[Start of Attachment]
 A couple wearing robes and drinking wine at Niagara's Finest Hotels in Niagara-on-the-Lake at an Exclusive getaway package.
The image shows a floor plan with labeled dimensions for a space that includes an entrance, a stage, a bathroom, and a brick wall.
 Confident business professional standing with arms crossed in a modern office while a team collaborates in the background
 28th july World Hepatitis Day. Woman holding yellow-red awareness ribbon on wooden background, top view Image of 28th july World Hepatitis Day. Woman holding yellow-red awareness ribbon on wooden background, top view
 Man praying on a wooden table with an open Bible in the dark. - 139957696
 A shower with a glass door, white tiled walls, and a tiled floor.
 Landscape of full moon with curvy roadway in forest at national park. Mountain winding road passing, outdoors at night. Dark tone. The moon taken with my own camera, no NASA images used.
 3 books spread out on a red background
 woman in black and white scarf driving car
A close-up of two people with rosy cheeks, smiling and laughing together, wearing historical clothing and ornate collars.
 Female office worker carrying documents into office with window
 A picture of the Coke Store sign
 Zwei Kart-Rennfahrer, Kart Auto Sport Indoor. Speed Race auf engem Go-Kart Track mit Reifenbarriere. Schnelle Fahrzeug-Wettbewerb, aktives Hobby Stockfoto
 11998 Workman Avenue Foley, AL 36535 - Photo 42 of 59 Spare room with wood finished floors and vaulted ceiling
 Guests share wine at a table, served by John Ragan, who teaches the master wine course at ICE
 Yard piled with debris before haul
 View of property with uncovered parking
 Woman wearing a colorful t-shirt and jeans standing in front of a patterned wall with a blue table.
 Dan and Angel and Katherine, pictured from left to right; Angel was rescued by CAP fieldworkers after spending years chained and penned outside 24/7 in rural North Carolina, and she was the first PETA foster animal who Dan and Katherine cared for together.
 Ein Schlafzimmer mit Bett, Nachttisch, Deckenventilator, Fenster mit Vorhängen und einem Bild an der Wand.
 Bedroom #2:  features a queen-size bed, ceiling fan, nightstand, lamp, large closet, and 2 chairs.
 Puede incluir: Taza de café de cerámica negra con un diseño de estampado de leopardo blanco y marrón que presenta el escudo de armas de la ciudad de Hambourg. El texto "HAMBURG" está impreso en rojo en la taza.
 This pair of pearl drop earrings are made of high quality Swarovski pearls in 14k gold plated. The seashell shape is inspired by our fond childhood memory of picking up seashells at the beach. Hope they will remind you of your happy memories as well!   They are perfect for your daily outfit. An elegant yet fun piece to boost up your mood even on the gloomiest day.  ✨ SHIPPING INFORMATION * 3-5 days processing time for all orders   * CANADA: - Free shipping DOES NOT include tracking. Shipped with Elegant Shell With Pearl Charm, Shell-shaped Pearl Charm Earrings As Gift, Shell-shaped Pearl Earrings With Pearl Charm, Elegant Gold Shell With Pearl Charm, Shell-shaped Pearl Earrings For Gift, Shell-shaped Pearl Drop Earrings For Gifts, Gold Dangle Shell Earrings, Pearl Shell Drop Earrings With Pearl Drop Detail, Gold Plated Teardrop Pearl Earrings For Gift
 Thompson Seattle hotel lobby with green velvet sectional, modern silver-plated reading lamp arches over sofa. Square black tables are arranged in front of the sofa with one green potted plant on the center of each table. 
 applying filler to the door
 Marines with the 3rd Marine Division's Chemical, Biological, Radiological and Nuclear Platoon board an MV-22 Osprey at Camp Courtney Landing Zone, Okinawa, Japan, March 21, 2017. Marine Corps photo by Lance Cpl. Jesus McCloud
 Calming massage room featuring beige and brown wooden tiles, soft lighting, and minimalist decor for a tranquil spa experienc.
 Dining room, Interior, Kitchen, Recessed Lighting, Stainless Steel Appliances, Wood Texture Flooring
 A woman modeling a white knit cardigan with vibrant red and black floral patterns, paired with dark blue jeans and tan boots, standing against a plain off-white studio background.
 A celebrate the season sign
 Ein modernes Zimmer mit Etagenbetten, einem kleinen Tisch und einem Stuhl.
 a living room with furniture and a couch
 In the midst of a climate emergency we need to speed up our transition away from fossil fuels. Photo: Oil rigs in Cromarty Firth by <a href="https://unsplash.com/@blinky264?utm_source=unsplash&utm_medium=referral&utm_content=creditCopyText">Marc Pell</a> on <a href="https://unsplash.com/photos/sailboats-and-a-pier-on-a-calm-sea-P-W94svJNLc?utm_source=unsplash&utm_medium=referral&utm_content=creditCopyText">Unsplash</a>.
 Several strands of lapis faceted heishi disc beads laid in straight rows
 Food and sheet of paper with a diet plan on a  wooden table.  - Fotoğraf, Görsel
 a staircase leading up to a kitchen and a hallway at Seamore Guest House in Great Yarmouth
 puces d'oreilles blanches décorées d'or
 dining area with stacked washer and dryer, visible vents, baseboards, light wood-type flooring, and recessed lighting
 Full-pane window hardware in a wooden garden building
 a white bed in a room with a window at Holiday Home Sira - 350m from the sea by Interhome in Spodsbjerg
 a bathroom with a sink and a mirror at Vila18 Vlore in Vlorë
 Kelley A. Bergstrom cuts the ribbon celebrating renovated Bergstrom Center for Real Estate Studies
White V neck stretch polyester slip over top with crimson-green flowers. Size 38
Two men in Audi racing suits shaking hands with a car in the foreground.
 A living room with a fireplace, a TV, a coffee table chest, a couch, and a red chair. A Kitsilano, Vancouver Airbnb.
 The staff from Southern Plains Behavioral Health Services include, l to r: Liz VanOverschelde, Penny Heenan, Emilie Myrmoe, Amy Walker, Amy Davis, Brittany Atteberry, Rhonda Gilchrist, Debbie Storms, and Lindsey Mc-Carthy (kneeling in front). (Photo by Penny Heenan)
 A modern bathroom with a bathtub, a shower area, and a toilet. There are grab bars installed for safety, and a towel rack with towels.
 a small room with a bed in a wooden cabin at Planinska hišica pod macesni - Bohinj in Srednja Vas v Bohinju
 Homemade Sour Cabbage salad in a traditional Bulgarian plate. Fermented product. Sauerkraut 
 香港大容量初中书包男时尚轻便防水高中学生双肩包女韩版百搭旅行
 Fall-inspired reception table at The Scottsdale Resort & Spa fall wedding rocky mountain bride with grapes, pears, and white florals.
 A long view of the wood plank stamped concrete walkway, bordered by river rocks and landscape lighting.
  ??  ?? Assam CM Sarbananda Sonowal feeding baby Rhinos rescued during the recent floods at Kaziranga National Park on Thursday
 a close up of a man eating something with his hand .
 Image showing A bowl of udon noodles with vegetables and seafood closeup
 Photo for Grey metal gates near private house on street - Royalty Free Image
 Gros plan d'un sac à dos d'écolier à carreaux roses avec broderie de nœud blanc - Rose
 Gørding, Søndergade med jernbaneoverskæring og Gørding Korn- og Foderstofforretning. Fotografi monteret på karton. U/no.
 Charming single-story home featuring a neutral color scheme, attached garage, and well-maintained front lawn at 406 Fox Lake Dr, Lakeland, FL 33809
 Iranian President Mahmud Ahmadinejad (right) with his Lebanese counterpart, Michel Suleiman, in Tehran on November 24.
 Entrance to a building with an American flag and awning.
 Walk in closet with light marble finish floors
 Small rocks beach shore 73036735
[End of Attachment]
From the records above, retype only the lines starting at the line that contains "Calming massage room" and ending at the line that contains "a living room with furniture and a couch", both included.

- _Finished exercise_
 Calming massage room featuring beige and brown wooden tiles, soft lighting, and minimalist decor for a tranquil spa experienc.
 Dining room, Interior, Kitchen, Recessed Lighting, Stainless Steel Appliances, Wood Texture Flooring
 A woman modeling a white knit cardigan with vibrant red and black floral patterns, paired with dark blue jeans and tan boots, standing against a plain off-white studio background.
 A celebrate the season sign
 Ein modernes Zimmer mit Etagenbetten, einem kleinen Tisch und einem Stuhl.
 a living room with furniture and a couch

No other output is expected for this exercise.